I think perhaps the view of a database being a single server codebase like this is a bit naive. When you read about how Meta deploy MySQL for example, it's a whole service ecosystem that provides different levels of caching, replication, etc, to create a database at a higher level of abstraction that provides the necessary properties. FoundationDB is similarly better viewed as a set of microservices. When you architect a database like that it is possible to achieve these things, but that doesn't seem to be a new idea, that seems to be just how it has been done in the industry for a while now. The article isn't entirely clear on whether they realise this or are proposing something new.

jburbank · 2025-01-30T23:31:02 1738279862

Spanner really can. It has its own quirks, but I've enjoyed working with it.

theLiminator · 2025-01-31T00:54:47 1738284887

I'm really curious about the capabilities of https://cedardb.com/ they claim that they can make a single DB that does both OLTP and OLAP. It's basically the production version of umbra.

tomrod · 2025-01-31T01:36:42 1738287402

They seem to be missing a pricing page (or pricing information of any kind) as well as how to actually purchase the product.

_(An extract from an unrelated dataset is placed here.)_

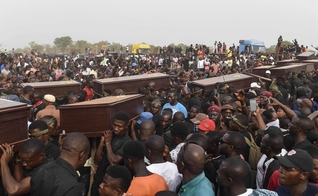  Funeral de vítimas de conflito entre pastores fulanis e fazendeiros, em Makurdi, 11 de janeiro de 2018, na Nigéria. (Foto: Pius Utomi Ekpei/AFP/Getty Images).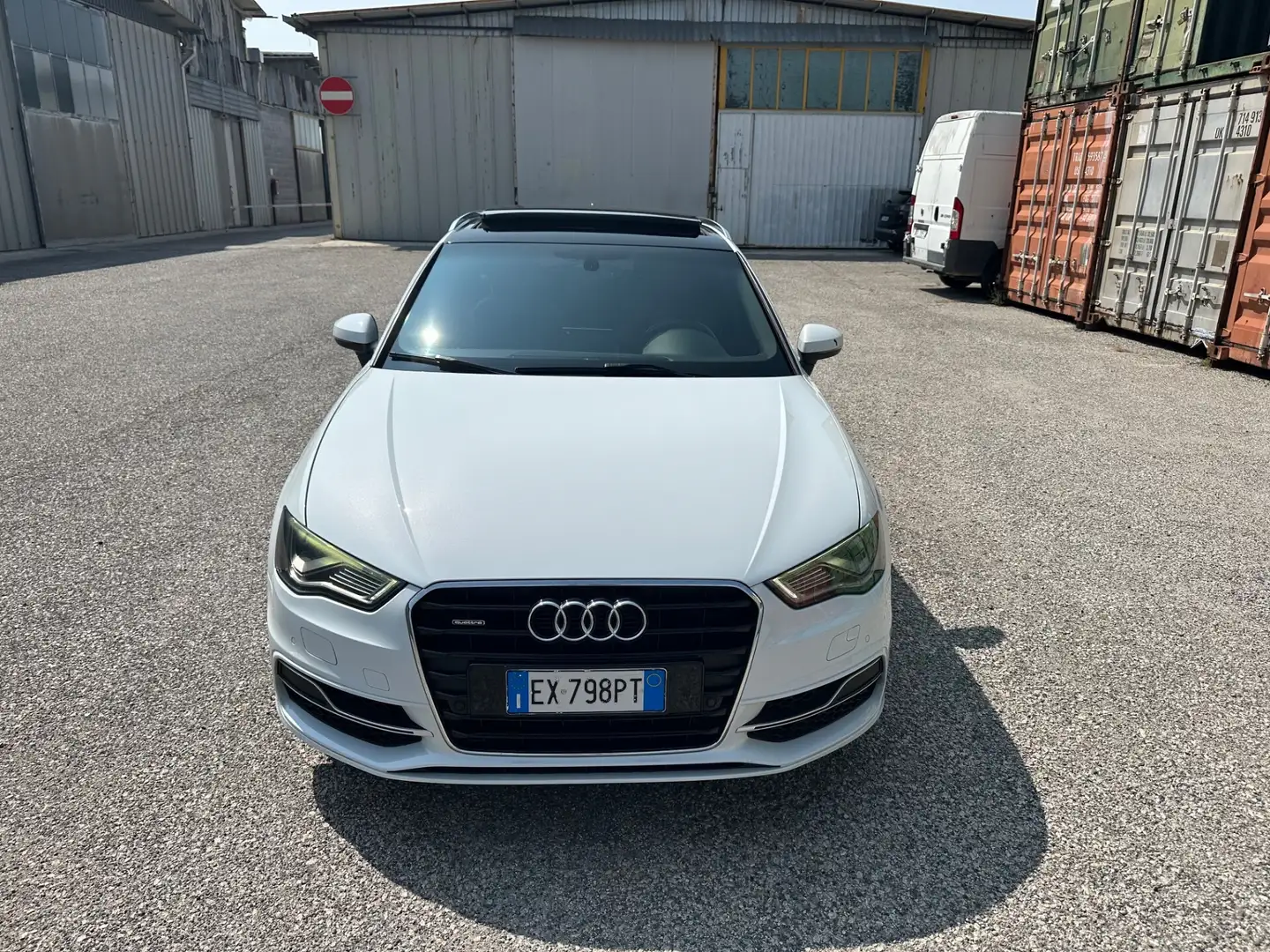Audi A3 SPB 2.0 TDI 184 CV diesel quattro S tr. S LINE Bianco - 2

vsipuli · 2025-01-31T03:47:39 1738295259

How does this compare to Amazon Aurora DSQL (https://aws.amazon.com/rds/aurora/dsql/)?

solatic · 2025-01-31T13:12:50 1738329170

Database design fundamentally trades off the speed of acknowledging writes with durability/availability (these are the same thing at scale) guarantees. If you need to guarantee that a change has been replicated globally then you cannot acknowledge the write as quickly as if you have a single control server with no need for persistence.

"Scalable"? Needs more context please. Scalable how? And what are you willing to compromise on for that scale?

honestSysAdmin · 2025-01-30T17:50:52 1738259452

I could be wrong here, I'm not an expert with databases, but I believe -- this is a belief, please help me disconfirm it if you think it is wrong -- that CitusDB's approach that shards Postgres across redundant mirrors, should successfully scale horizontally for OLTP without sacrificing consistency.

AlexB138 · 2025-01-30T18:52:38 1738263158

Citus still has a centralized coordinator that all requests go through to be routed to their shard, or at least it did several years ago when I last ran it in production. It definitely scales further than single instances, but it's not a magic bullet.

dangoodmanUT · 2025-01-30T18:16:14 1738260974

Others can do it too: Spanner, FoundationDB. SI just has generally better performance because there is less to check, and you can always opt-in to row locking if you need (because of write-write conflicts)

teekert · 2025-01-31T10:14:53 1738318493

Ah yes, not the One Laptop Child Per, as I'm typing it, I see my error. This is some DeepSeek level reasoning right here.